Start of Entries shown

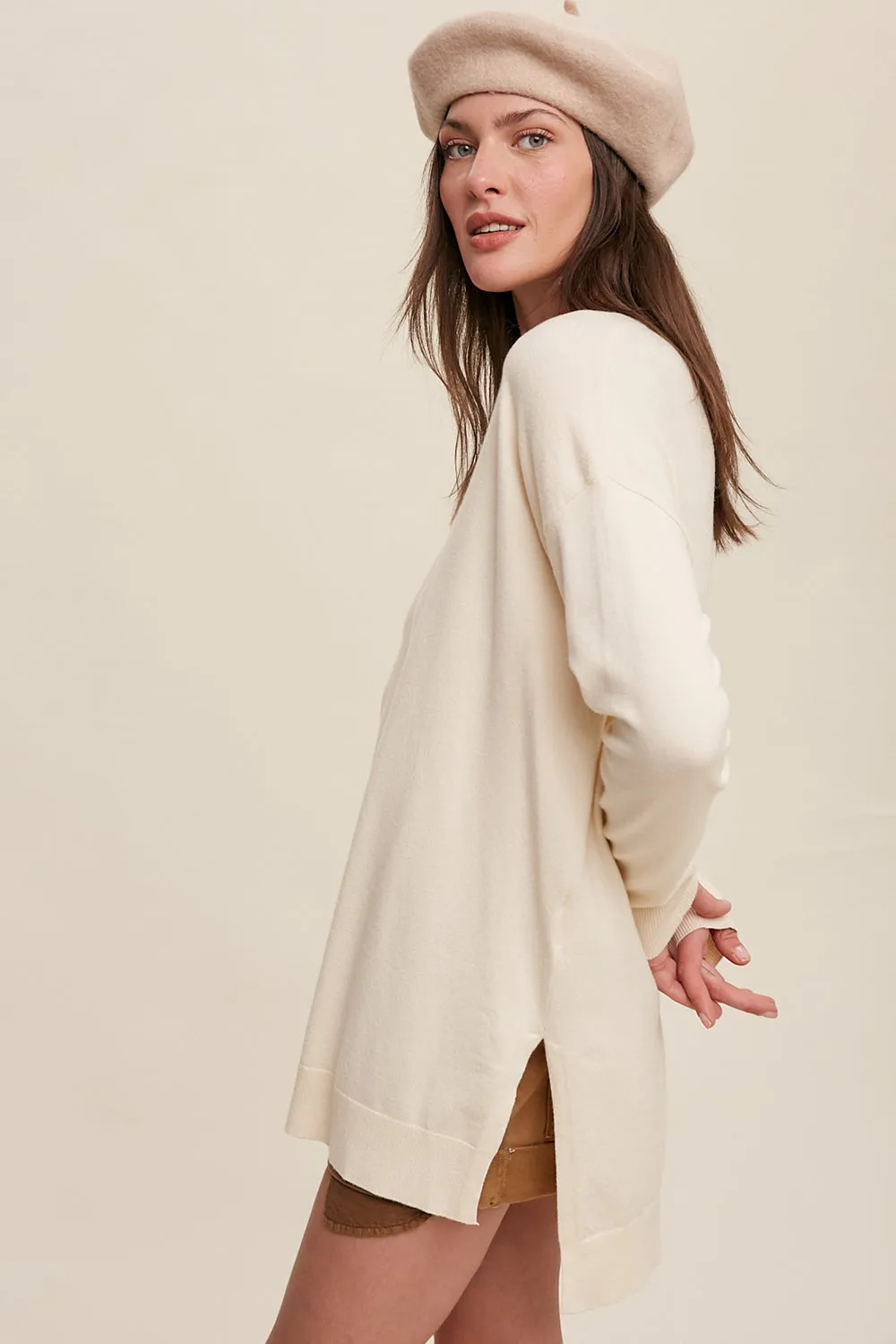 Deep V-neck Loose Fit Pullover Sweater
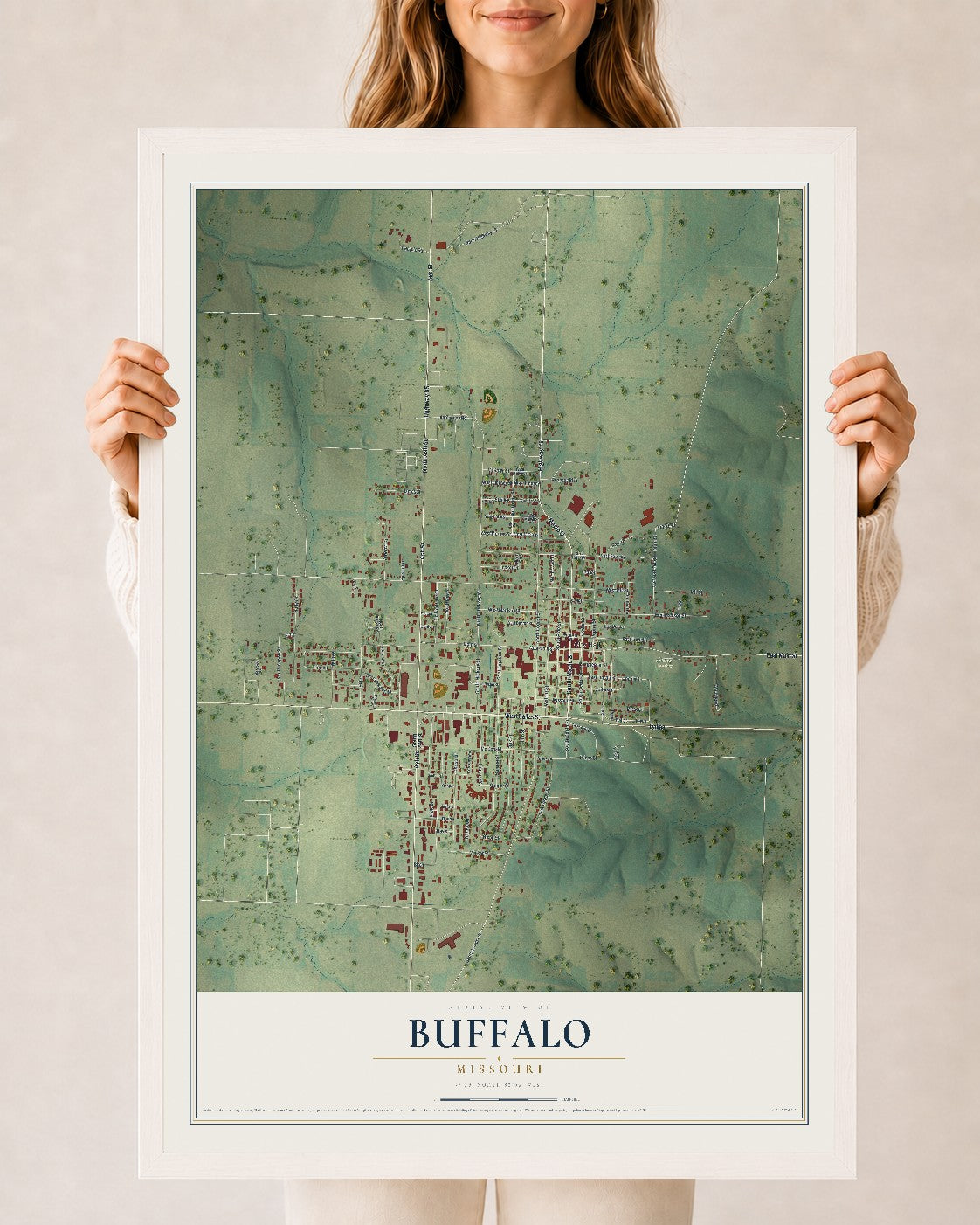 Map of Buffalo, Missouri, 24 x 36 inch print in a white wood frame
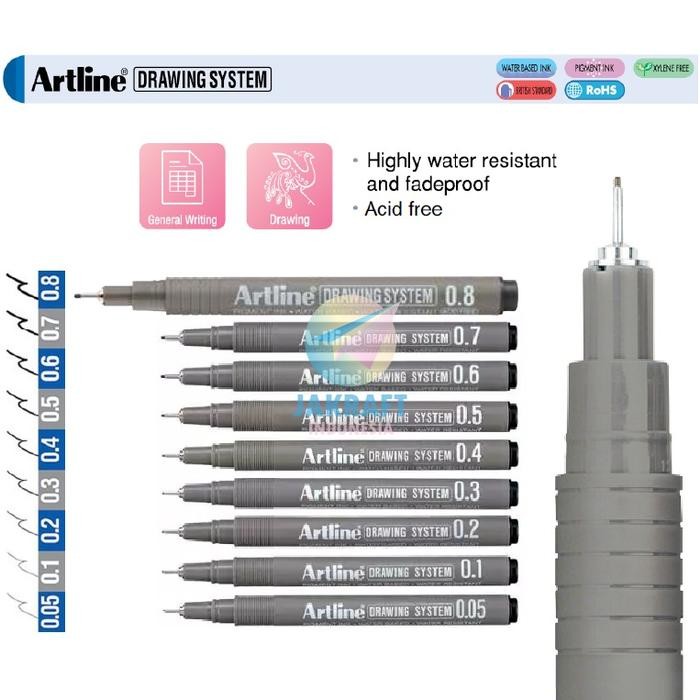 

New (1 Pcs) Drawing System Pen ARTLINE Koleksi Ukuran Warna Lengkap Highly Water Resistant &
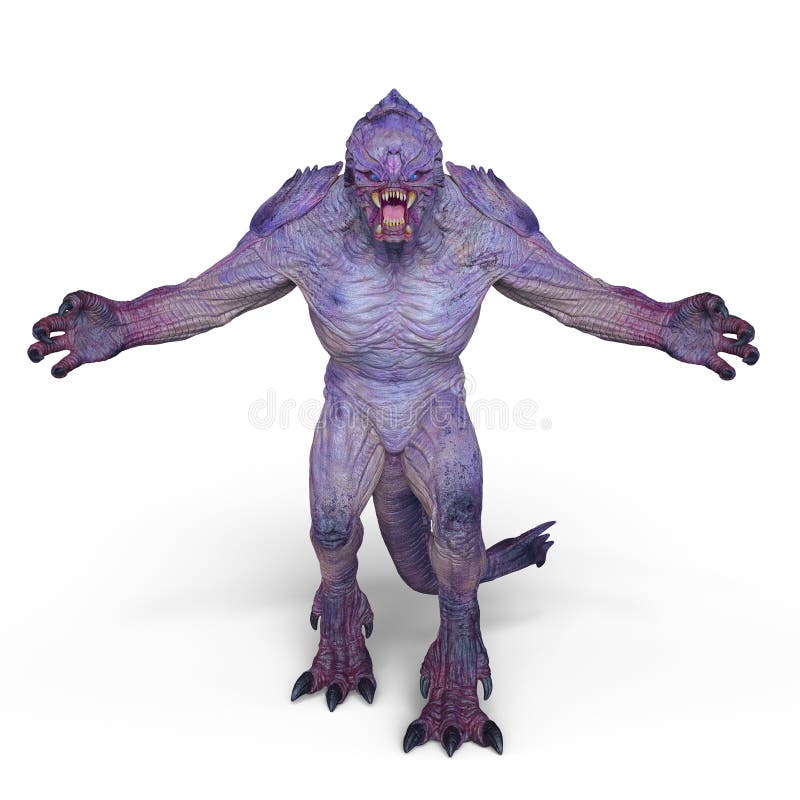 3D CG rendering of monster vector illustration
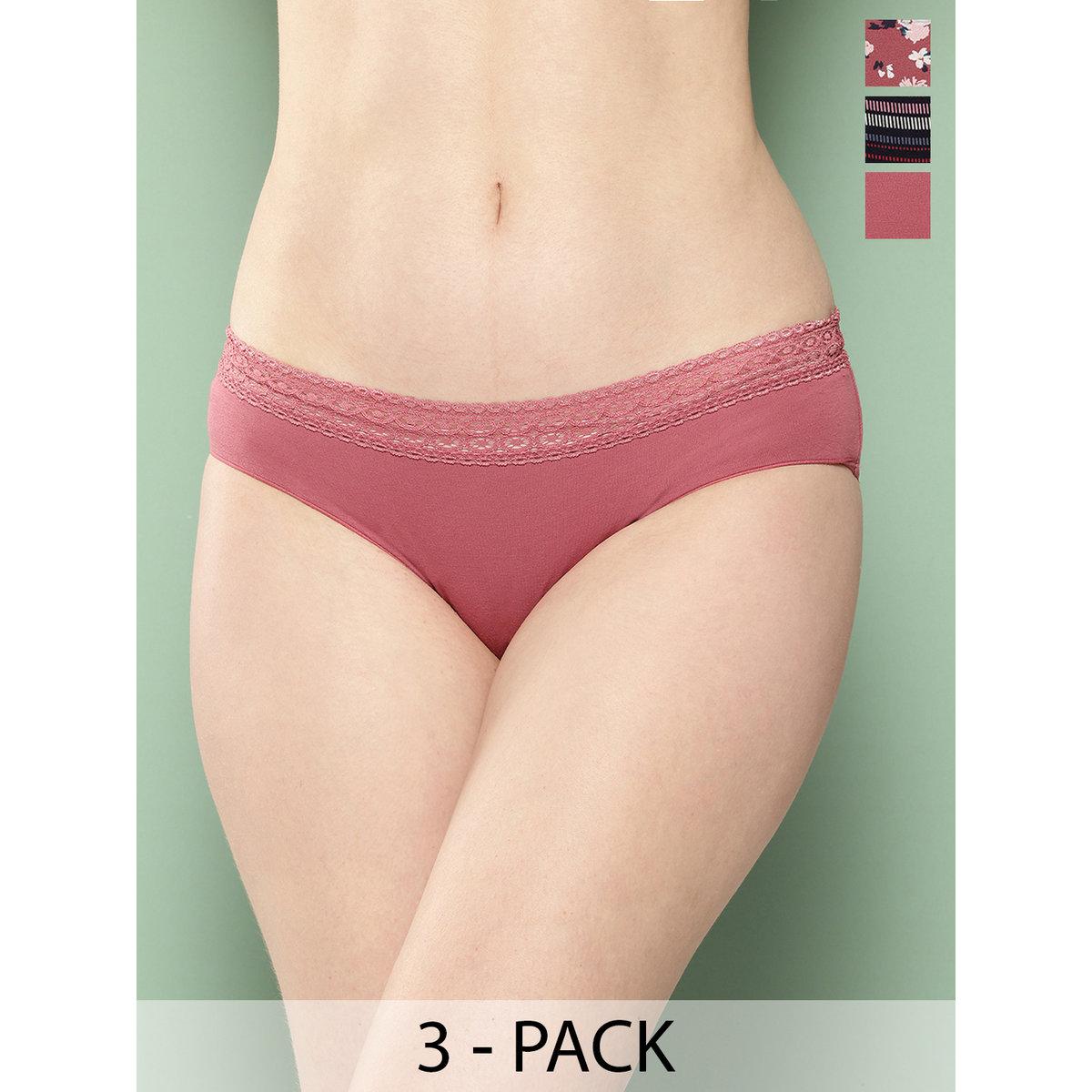 مجموعة من 3 - سروال داخلي بكيني مُطبع-women-clothing-lingerie-panties-image-6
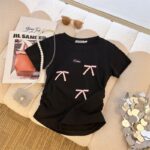 208002-12025 (92 cotton/8 spandex) 40 count 210g pure cotton foam bow design short sleeved T-shirt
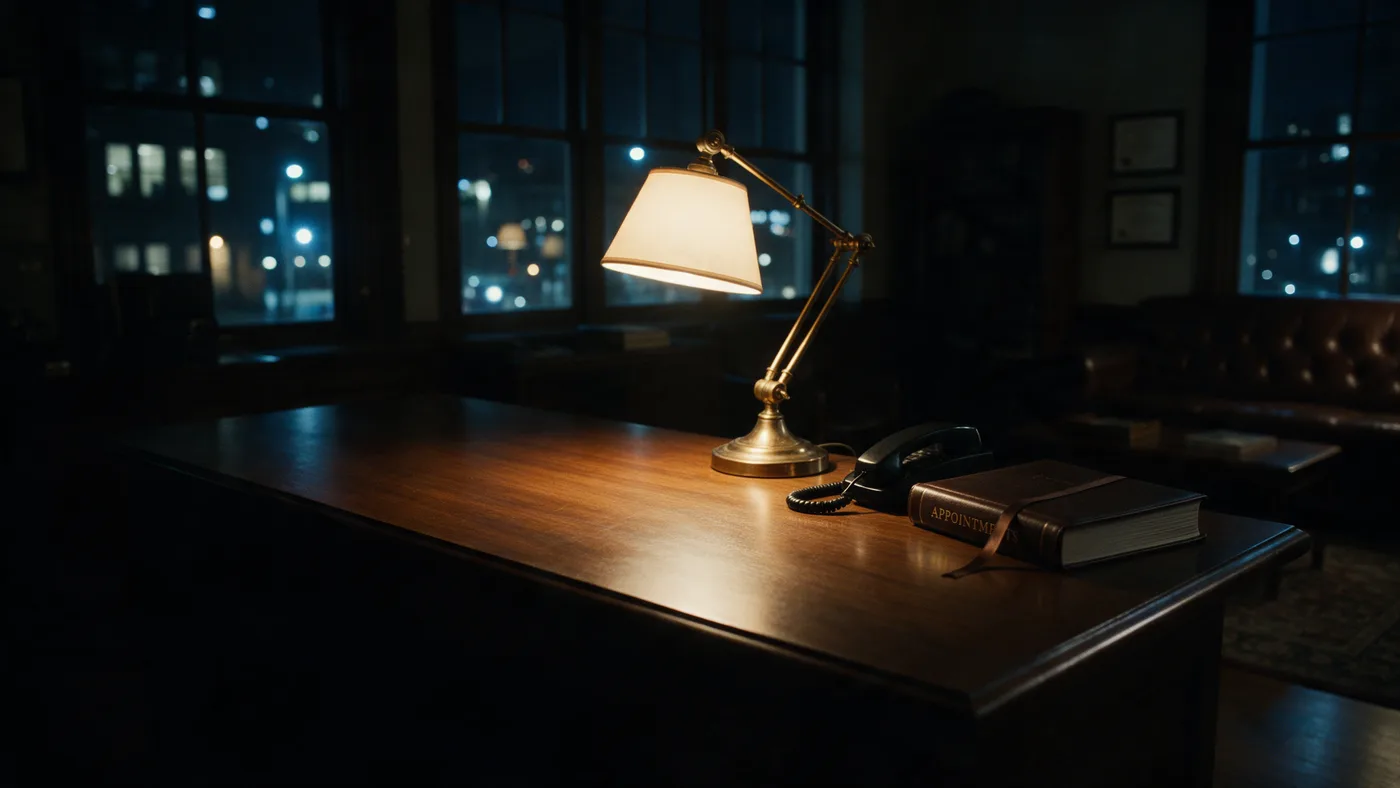 An empty law office reception desk at night, one lamp lit, the phone unattended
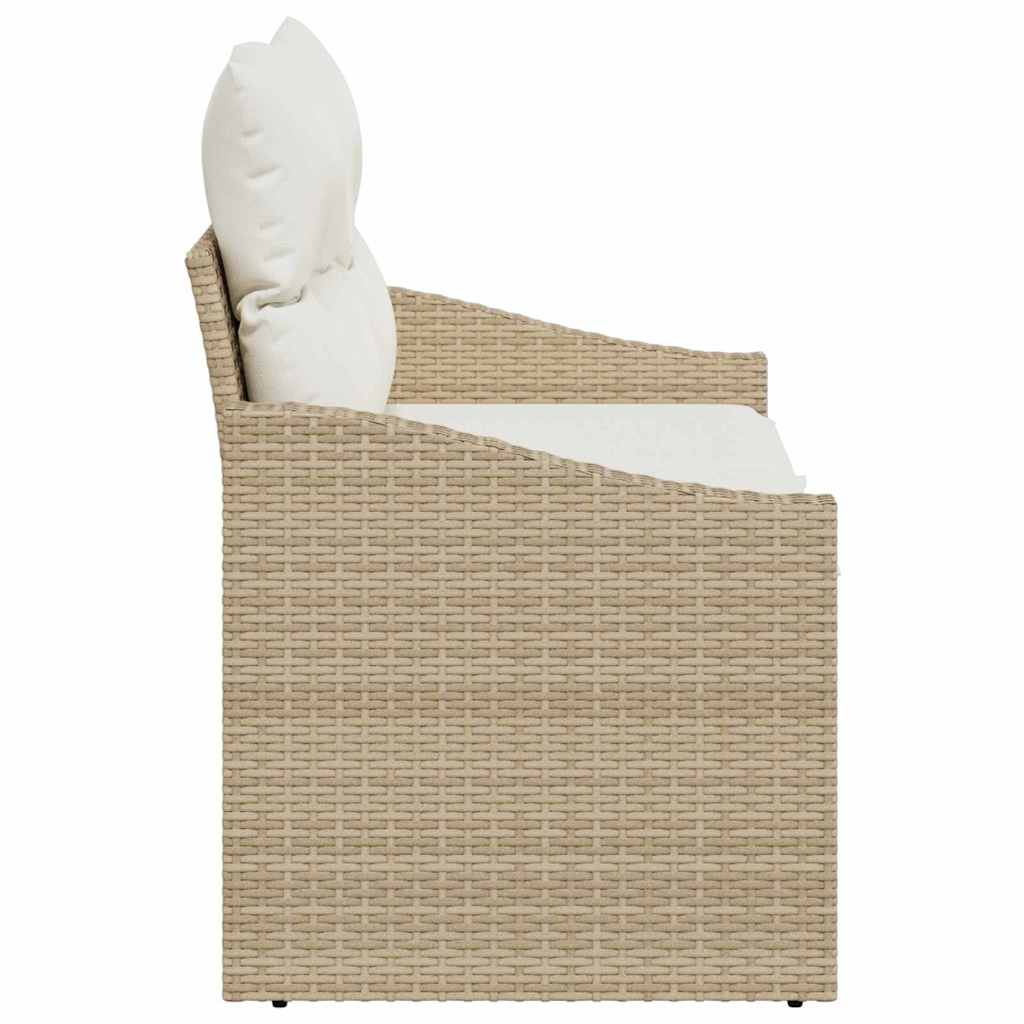 Garden Sofa with Cushion Beige 123 x 62 x 69cm Poly Rattan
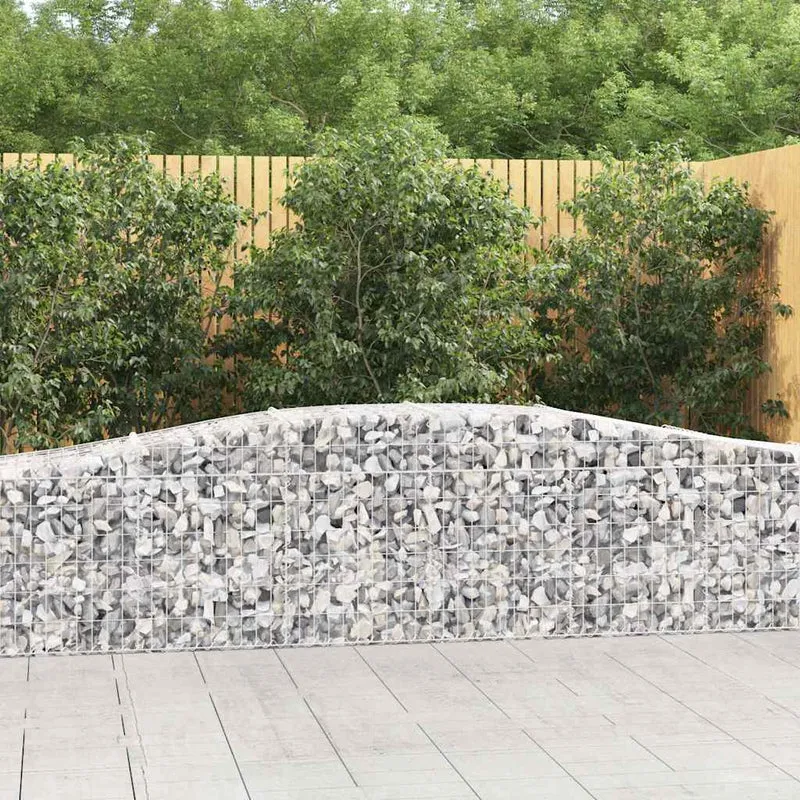 Cestas De Gaviones 20 Uds Forma De Arco Hierro 400x50x60/80 Cm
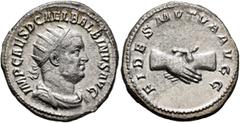 Roman Imperial Balbinus, 238. Antoninianus (Silver, 21 mm, 4.25 g, 6 h), Rome, circa April-June 238. IMP CAES D CAEL BALBINVS AVG Radiate, draped and cuirassed bust of Balbinus to right. Rev. FIDES MV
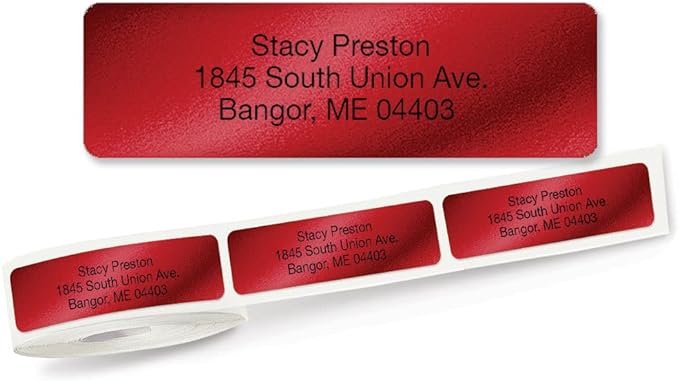 Colorful Images Red Metallic Foil Rolled Return Address Mailing Labels with Dispenser, Customize with Name & Shipping Address, 250 Self Adhesive, Easy Peel Sticker Label Roll, 3/4" x 2 1/2"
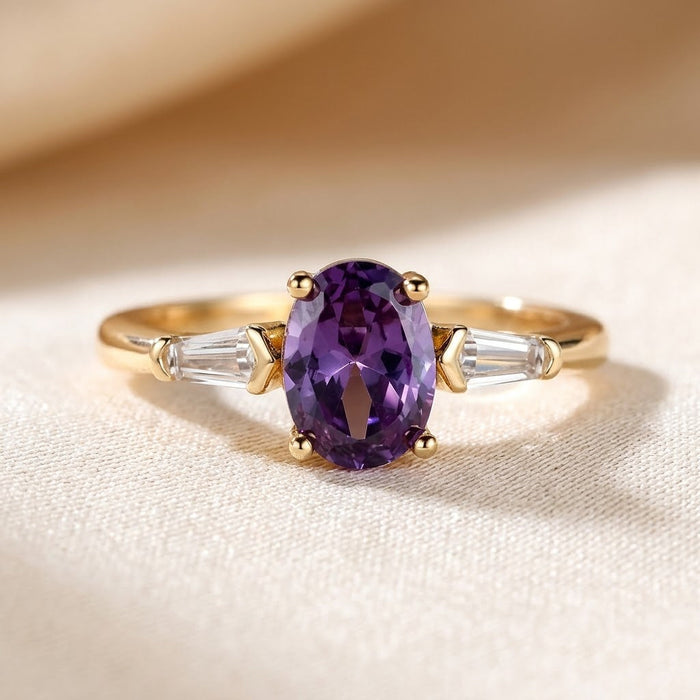 Gold Amethyst Tri-Stone Ring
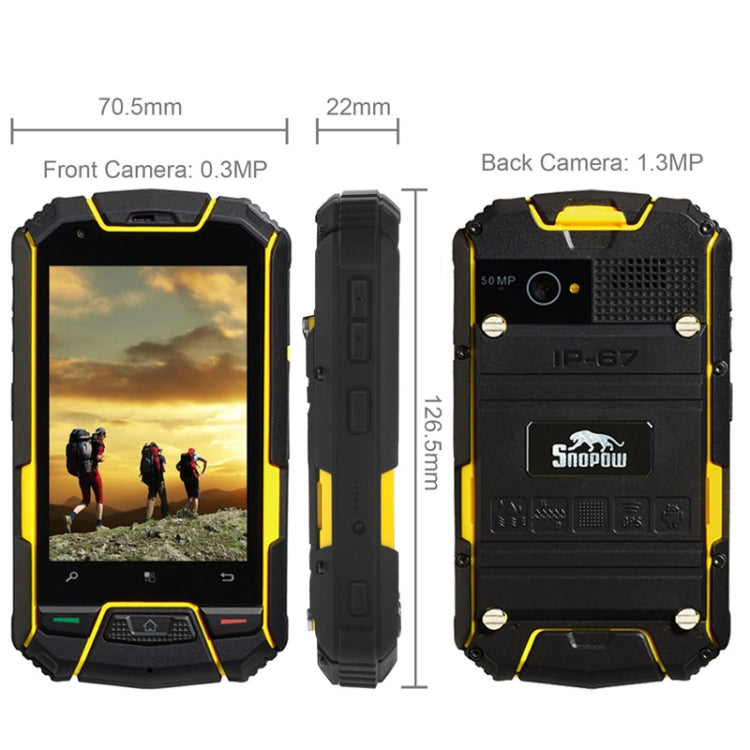 Snopow M6 Phone, Network: 3G, IP67 Waterproof Dustproof Shockproof, 3.5 inch, MTK6572W 1.2GHz, Dual SIM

End of Entries shown

> _Description of the task_
Write out exactly the lines of the material above, starting with the first and finishing with the line that contains "Roman Imperial Balbinus, 238.", without pictures.

> _Answer below_
 Deep V-neck Loose Fit Pullover Sweater
 Map of Buffalo, Missouri, 24 x 36 inch print in a white wood frame

New (1 Pcs) Drawing System Pen ARTLINE Koleksi Ukuran Warna Lengkap Highly Water Resistant &
 3D CG rendering of monster vector illustration
 مجموعة من 3 - سروال داخلي بكيني مُطبع-women-clothing-lingerie-panties-image-6
 208002-12025 (92 cotton/8 spandex) 40 count 210g pure cotton foam bow design short sleeved T-shirt
 An empty law office reception desk at night, one lamp lit, the phone unattended
 Garden Sofa with Cushion Beige 123 x 62 x 69cm Poly Rattan
 Cestas De Gaviones 20 Uds Forma De Arco Hierro 400x50x60/80 Cm
 Roman Imperial Balbinus, 238. Antoninianus (Silver, 21 mm, 4.25 g, 6 h), Rome, circa April-June 238. IMP CAES D CAEL BALBINVS AVG Radiate, draped and cuirassed bust of Balbinus to right. Rev. FIDES MV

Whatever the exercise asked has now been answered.